На площади, ровно между Саксовым домом и домом гончара, уже собралась вся деревня – от старого хранителя Фианна до его правнучки Сесили, сопящей в платке за материнской спиной. Мудрый, тот самый, что приезжал каждое лето перед солнцеворотом, что-то говорил деревенским, а перед солнечным камнем, тем, что остался еще со старых времен, творилось странное. Двое здоровенных парней в красном и желтом, – асгеройвых лучей, – заканчивали складывать огромный костер, словно собирались жарить лося целиком, а деревенские дети все подносили им дрова. Небось, половину деревенских поленниц разорили. Еще двое, в кольчугах под красно-желтыми плащами и с длинными мечами, топтались рядом с мудрым и поглядывали на народ, что твои пастухи на стадо. Нехорошо это было, неправильно. Сакс уже собрался потянуть Томаса обратно, нечего ему тут делать. Хотя, верно, мудрый-то сказал, к чему костер – а раз деревенские спокойно слушают, вон и отец с кузнецом тут же, значит, ничего страшного и нет. Знать бы еще, чего сказал…

Томасу тоже было любопытно – и весело, Томас он такой, о плохом дольше вздоха не думает. Он подмигнул Саксу и щипнул за бок мельникову дочку.

– Слышь, что мудрый говорил-то?

Она хихикнула. Зашептала, чтоб старик не слышал:

– Говорил, в городе колдунство приключилось. Принц не в себе стал, да натравил на тебя слугу – все потому, что его зачаровали, принца-то. Вот теперь, значит, добрый Асгейр укажет на чаровника.

И костер, значит, для чаровника? Вот же щучье отродье!

– Пошли отсюда, а? – шепнул Томасу.

Тот пожал плечами:

– Да чего ты, не бойся, – и пошел к мудрому.

Односельчане неспешно, каждый в свой черед, творили перед камнем святой знак и отпивали асгейровой водицы. Вон и отец прошел, и мельник, и мама, и кузнец. Потом Томас, а после него и Сакс. Сглотнул питье, горло сдавило от гадкого вкуса, собрался отойти, как заметил, что с Томасом что-то неладно. Приятель застыл на месте, смотрел на мудрого и не моргал.

Сакс его дернул за плечо – Томас не шевельнулся. Да что за Ллировы мороки? Оглянулся на отца, хотел его спросить, и наткнулся на бессмысленный взгляд кузнеца: тот замер, словно и дышать забыл. Сакс чуть было не заорал в голос: что ж вы, щучье отродье, сделали?! Лишь помня о том, что вышло в городе, удержался.

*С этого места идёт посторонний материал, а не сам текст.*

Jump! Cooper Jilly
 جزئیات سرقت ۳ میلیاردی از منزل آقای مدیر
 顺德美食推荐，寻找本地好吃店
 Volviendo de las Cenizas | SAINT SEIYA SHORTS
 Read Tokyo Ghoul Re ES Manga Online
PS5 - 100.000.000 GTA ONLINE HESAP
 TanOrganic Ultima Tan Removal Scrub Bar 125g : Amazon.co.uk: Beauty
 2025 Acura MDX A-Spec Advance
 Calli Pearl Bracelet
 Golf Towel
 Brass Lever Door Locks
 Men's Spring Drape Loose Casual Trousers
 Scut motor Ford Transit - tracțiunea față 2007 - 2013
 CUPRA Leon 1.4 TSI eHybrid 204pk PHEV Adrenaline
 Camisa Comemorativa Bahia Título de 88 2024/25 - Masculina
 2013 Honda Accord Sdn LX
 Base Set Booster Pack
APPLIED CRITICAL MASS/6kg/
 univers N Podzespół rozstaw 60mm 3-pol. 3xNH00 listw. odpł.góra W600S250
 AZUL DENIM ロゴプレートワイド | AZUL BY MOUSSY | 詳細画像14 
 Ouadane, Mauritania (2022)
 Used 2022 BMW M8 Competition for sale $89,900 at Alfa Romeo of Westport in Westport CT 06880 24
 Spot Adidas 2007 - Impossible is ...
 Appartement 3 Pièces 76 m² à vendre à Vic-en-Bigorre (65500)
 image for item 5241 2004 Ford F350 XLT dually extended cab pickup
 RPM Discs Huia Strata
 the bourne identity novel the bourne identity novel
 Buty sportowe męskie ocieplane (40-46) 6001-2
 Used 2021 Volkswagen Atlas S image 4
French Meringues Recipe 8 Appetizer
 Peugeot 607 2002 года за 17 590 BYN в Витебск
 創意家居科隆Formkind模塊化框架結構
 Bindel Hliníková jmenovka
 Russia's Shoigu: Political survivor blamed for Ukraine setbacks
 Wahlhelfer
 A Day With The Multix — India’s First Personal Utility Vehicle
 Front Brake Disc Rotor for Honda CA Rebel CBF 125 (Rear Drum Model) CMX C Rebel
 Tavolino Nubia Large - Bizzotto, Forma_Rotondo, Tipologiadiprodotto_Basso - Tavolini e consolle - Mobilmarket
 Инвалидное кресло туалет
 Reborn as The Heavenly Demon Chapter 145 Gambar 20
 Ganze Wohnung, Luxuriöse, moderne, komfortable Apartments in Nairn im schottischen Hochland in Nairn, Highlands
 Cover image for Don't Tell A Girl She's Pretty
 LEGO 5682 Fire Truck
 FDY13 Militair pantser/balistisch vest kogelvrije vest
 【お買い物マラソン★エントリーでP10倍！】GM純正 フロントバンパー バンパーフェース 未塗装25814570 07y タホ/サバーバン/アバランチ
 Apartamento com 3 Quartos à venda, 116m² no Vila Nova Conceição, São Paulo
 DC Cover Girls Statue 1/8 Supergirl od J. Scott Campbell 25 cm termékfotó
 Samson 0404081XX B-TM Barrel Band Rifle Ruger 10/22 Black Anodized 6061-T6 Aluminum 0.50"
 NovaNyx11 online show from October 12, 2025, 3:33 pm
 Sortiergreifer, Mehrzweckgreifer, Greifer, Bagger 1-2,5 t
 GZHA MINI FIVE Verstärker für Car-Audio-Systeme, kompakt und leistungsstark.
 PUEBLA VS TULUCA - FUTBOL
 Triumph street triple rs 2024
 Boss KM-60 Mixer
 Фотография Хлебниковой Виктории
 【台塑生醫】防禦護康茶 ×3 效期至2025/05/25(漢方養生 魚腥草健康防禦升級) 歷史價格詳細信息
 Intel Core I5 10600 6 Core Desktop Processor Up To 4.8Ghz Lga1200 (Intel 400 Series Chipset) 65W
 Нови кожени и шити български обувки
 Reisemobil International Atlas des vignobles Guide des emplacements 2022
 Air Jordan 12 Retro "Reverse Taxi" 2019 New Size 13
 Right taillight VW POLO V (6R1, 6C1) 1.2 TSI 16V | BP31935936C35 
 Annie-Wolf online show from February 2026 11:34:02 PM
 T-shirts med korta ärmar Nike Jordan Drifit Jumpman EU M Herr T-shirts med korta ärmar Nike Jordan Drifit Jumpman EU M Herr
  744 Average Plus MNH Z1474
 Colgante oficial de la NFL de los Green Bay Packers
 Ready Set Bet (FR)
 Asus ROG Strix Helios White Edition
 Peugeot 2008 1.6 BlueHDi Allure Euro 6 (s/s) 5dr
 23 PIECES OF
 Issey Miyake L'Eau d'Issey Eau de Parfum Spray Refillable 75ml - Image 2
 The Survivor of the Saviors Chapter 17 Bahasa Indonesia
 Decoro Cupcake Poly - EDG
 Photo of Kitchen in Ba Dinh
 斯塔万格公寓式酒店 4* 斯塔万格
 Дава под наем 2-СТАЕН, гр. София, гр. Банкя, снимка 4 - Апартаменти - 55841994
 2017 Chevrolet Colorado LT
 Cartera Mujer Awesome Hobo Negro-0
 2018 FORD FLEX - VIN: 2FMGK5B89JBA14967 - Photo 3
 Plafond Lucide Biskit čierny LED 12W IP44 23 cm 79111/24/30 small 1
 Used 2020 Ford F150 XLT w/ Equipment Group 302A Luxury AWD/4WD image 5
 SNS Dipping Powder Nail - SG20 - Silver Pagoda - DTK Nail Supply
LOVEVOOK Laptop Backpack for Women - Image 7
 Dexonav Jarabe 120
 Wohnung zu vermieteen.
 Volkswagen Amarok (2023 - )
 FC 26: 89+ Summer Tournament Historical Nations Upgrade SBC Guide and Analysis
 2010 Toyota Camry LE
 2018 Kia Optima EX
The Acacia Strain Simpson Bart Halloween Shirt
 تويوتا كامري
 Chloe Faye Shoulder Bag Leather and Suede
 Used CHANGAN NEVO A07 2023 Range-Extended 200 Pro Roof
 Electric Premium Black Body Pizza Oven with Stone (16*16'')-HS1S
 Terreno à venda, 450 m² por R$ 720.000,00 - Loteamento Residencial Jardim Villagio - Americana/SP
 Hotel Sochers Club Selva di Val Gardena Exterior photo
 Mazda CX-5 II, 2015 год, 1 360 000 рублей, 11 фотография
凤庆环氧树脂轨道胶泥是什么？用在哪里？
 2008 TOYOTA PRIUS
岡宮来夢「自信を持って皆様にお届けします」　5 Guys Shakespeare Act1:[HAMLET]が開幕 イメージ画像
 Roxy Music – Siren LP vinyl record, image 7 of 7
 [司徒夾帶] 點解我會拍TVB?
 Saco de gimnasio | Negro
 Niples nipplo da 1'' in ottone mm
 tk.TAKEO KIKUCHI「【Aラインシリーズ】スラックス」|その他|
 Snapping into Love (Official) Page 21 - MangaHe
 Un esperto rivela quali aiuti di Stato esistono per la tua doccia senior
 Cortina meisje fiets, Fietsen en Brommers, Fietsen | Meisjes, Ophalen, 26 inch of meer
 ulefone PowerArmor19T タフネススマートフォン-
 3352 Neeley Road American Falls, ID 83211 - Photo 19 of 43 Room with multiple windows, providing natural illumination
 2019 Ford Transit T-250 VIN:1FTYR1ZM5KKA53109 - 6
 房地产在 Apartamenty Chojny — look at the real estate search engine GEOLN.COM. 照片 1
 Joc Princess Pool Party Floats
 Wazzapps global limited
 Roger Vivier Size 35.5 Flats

Мудрый тем временем внимательно оглядел кузнеца и Томаса, обернулся к лучам, кивнул им. А потом – к сельчанам и негромко так заговорил. О темном Ллире, отце проклятых колдунов, о бестолковцах, которые проклятие принимают за благо, о подлых чароплетах и чистоте Асгейрова пламени, тех чароплетов от проклятия избавляющем. Договорил, – деревенские слушали с почтением и недоумением, – сделал рукой хитрый знак и велел кузнецу, указав на костер:

– Иди. – И Томасу тоже: – Иди.

Дунк вдруг шагнул вперед. Отец попытался ухватить его за рубаху, тот отмахнулся не глядя, чуть отцу глаз не выбил – рука-то у кузнеца тяжелая. И Томас за ним, прямиком к костру пошел! Оба влезли на сложенные поленья и там остановились. Мудрый благостно улыбнулся.

– Светлый Асгейр да очистит…

Тоненько завыла толстуха Гвенда. Отец нахмурился, шагнул вперед.

– Не дело это, – сказал. – Я Дунка с малолетства знаю. И парень его с моим не разлей вода. Не колдуны они вовсе, напутал ты, мудрый. Никто от них зла не видел. Не дадим нашего кузнеца жечь!

А мудрый снова улыбнулся, показав по-волчьему желтые зубы, и махнул рукой с зажатым в ней золотым солнцем. Костер занялся, бабы заполошно завопили – а Сакс одновременно с отцом рванулся через огонь, к Томасу.

Дальше Сакс плохо понимал. Перед глазами было красное и пахло кровью, в ушах билась кровь, кто-то верещал, как подбитый заяц, воняло паленым мясом, под ноги все попадалось мягкое и мокрое… А потом его тряхнули за плечи. Отец. Новая рубаха в крови и саже, на щеке порез. И улыбка – оскал.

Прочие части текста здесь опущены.